The parliamentary vote on the Liberals’ Mideast war plan was held two days prior to Trudeau travelling to Washington, where President Obama will host a state dinner for him today. Intensified Canadian-US military and security cooperation, including in the Arctic, is expected to be high on the agenda of the Obama-Trudeau summit.

Discussion is already well under way within Canadian ruling circles about further military interventions. Last month, in the wake of talks with his NATO counterparts, Defence Minister Harjit Sajjan indicated that Canada is considering involvement in a new military mission in Libya. The country was plunged into chaos following NATO’s air war in 2011 that toppled the Gaddafi regime. Recent reports have revealed that US and French Special Forces are already operating in Libya, one of Africa’s principal oil producers, under the pretext of combatting the Islamic State.

Yesterday, the Montreal daily Le Devoir reported that Ottawa is considering deploying up to 2,000 army and police personnel to Haiti and assuming the leadership of the UN “peacekeeping” force that has occupied that country since the US, with Canada’s military support, ousted the country’s elected president, Jean-Bertrand Aristide, in 2004.

Canada has longstanding economic and geo-political interests in Haiti and the broader Caribbean. Recently Canada “helped” Haiti “modernize” its mining code—that is, make it more amenable to Canada’s mining companies.

There are also growing calls from Canada’s national-security establishment and corporate media for the government to substantially hike military spending. The Liberals have promised a comprehensive defence review by the end of 2016, prompting numerous journalists and think tanks to declare that more resources need to be deployed in asserting Canadian strategic interests around the globe. Some of the most significant proposals already being raised are an expansion of the military’s presence the Arctic, joining the US ballistic missile defence shield and increasing annual military spending to 2 percent of GDP.

Following his appearance in parliament Monday, Vance weighed into the debate, supporting calls for the purchase of weaponized drones for Canada’s military. Referring to conflicts like those in Iraq, he declared that there is little point in purchasing such vehicles if they cannot fire weapons.

The media has continued to be critical of the Liberals’ new Mideast war plan, focusing above all on Trudeau’s supposed failure to provide a rationale for the withdrawal of the fighter jets.

None of the parties that voted against the Liberals’ motion to expand Canada’s role in the Mideast war have any disagreement with the Canadian elite’s aggressive, militarist agenda.
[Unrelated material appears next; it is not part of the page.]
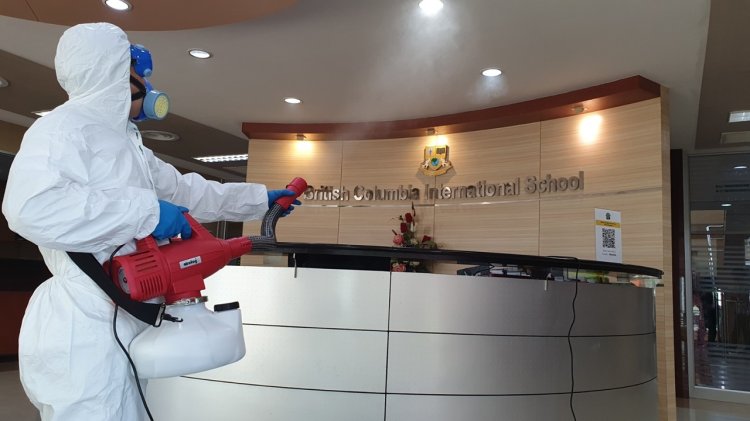 พ่นฆ่าเชื้อโรงเรียนนานาชาติบริติชโคลัมเบีย
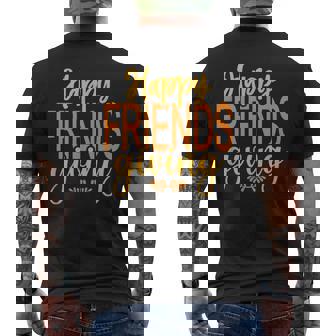 Happy Friendsgiving Squad Thanksgiving Men's T-shirt Back Print - Thegiftio UK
The Conservatives voted against the motion based on the demagogic and bellicose claim that the withdrawal of the CF-18 fighter jets means Canada is shirking its duty to lead the “war on terrorism.”
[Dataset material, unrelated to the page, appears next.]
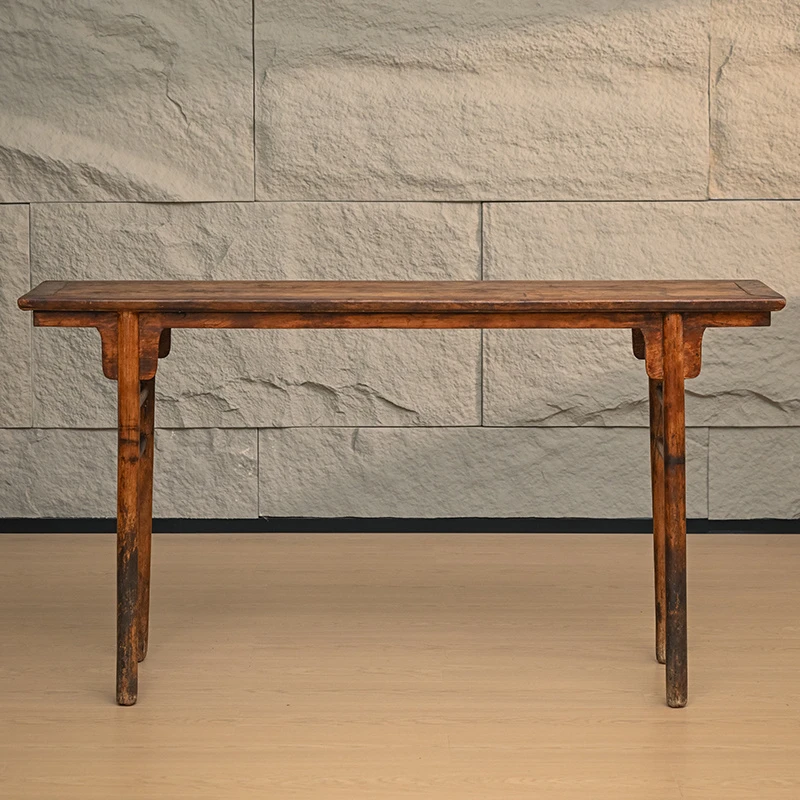 清代 黄花梨夹头榫刀牙板平头案明清古典家具收藏海南黄花梨香案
The Conservatives’ claims were echoed by the pro-Quebec-independence Bloc Quebecois (BQ). During last year’s election campaign, the BQ joined with the Conservatives in attacking the New Democratic Party (NDP) for being “soft” on terrorism and whipping up a reactionary chauvinist campaign over Muslim women wearing the niqab at citizenship ceremonies.

The social-democratic NDP took the government to task for its lack of clarity on whether the new plan is for a “combat” mission and when it will end. Party leader Thomas Mulcair insisted that the NDP is fully behind Canada remaining part of the US-led war coalition, but argued it should focus on providing “humanitarian” support. This exemplifies the lack of any principled opposition within the NDP to Canadian imperialist operations in the Middle East and around the world.

The NDP in fact voted in favour of the 2011 NATO-led bombardment of Libya, promoting the lie that it was aimed at providing “humanitarian” assistance to the population. As part of its openly right-wing, Harper-lite election campaign last fall, the NDP also vowed to increase military spending and equip Canada’s armed forces with better weapons so as to enable them to intervene more actively around the globe.